In-situ vaccination (ISV) of tumors can disrupt their local immunosuppression to aid anti-tumor immunity. These are promising advancements, but little is known about how ISV outcomes are impacted by age-associated tumor microenvironment (TME). Herein, we compared antitumor immunity of two types of ISV-based NPs, Cowpea mosaic virus (CPMV) and calreticulin NP (CRT-NP), and ultrasound-induced histotripsy (HT) in young and aged mice bearing poorly immunogenic B16F10 melanoma tumors. Our comparative immunotherapy studies provide crucial insights into ISV-based local immune priming mechanisms and their translation for geriatric cancer therapy.

We first profiled the immune phenotypes of old (18 mo) vs. young (8 wk) C57BL6 mice bearing bilateral B16F10 melanoma in the flank regions. We then performed ISV of one of the tumor in old and young mice with mechanistically and immunologically different in-situ agents (CPMV, CRT-NP, & HT). Endpoints included assessment of local and abscopal tumor growth 2wks post-treatment. Additionally, the age-associated tumor immunology of treated tumors was determined using transcriptomics analysis, analysis of serum cytokines/chemokines, and profiling of immune cells using flow cytometry.

The primary and secondary (abscopal) B16F10 tumors showed similar or faster growth rates in old than in young mice. Tumorigenesis in aged mice correlated with metastasis-driving serum cytokine levels (CXCL1, CCL11 & MCP-1), and increased expression of immune checkpoint PD1 on T-cells, and TIM3 on NK cells. All three immunotherapies, significantly delayed tumor growth of primary treated tumors in young mice. Compared to CRT-NP and HT, CPMV was relatively less effective in controlling the growth of contralateral secondary untreated tumors in young mice. In contrast, CPMV treatment induced relatively superior remission of treated and untreated tumor sites in aged mice versus CRT-NP and HT. Treatment outcomes correlated with a decrease of pro-tumoral cytokine levels (IL6, IL10 & IL1b) in CPMV-NP-treated old mice.

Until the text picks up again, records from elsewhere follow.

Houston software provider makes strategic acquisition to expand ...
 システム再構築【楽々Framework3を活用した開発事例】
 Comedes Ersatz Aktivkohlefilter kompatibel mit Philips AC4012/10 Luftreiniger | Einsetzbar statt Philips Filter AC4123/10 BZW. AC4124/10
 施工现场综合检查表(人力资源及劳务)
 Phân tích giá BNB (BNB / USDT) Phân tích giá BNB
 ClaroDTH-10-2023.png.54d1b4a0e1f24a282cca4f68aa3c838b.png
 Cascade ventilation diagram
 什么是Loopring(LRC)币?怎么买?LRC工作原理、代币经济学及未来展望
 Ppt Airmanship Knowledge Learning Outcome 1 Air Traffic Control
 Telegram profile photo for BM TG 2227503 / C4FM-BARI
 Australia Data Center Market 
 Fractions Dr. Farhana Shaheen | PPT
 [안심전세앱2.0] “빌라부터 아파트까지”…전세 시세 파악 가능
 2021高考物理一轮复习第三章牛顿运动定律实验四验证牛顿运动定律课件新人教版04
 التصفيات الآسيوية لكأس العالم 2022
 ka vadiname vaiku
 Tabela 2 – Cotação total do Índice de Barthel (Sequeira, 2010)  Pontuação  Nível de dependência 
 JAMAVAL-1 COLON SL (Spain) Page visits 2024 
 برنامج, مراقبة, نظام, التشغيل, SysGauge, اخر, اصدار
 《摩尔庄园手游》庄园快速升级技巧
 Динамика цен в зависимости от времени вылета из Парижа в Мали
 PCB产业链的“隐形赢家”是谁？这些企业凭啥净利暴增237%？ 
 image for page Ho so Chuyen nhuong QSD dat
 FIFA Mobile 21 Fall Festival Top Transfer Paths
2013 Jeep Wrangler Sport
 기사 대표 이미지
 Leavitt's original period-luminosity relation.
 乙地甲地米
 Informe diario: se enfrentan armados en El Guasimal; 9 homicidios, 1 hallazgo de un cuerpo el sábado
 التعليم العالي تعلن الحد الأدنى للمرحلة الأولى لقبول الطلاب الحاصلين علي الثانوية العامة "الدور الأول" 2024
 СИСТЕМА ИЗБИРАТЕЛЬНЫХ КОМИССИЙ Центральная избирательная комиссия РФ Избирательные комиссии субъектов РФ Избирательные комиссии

In contrast, young TME showed enhanced T cell exhaustion and populations of splenic polymorphonuclear myeloid-derived suppressor cells (PMN-MDSCs) with CPMV. Alternatively, the presence of immunosuppressive tumor-associated macrophages in older mice reduced outcomes of CRT-NP and HT. Differential gene expression analysis of treated tumors with various in-situ treatments in young and aged mice is currently in the works.

Improving anti-tumor effects of ISVs via increasing the immune function should account for age as a variable since higher accumulation of immunosuppressive cells in aged TME can subvert therapy outcomes. Future studies focused on unique interventions aimed at upregulated targets in TME of old and young mice can shed more light on normalizing outcomes independent of age.

Citation Format: Akansha Singh, Jessica Fa Oliveira, Steven Fiering, Josh Butcher, Nicole F. Steinmetz, Ashish Ranjan. Age associated tumor microenvironment induces differential outcomes from immunomodulatory nanoparticles and therapeutic ultrasound in murine melanoma [abstract]. In: Proceedings of the American Association for Cancer Research Annual Meeting 2023; Part 1 (Regular and Invited Abstracts); 2023 Apr 14-19; Orlando, FL. Philadelphia (PA): AACR; Cancer Res 2023;83(7_Suppl):Abstract nr 2338.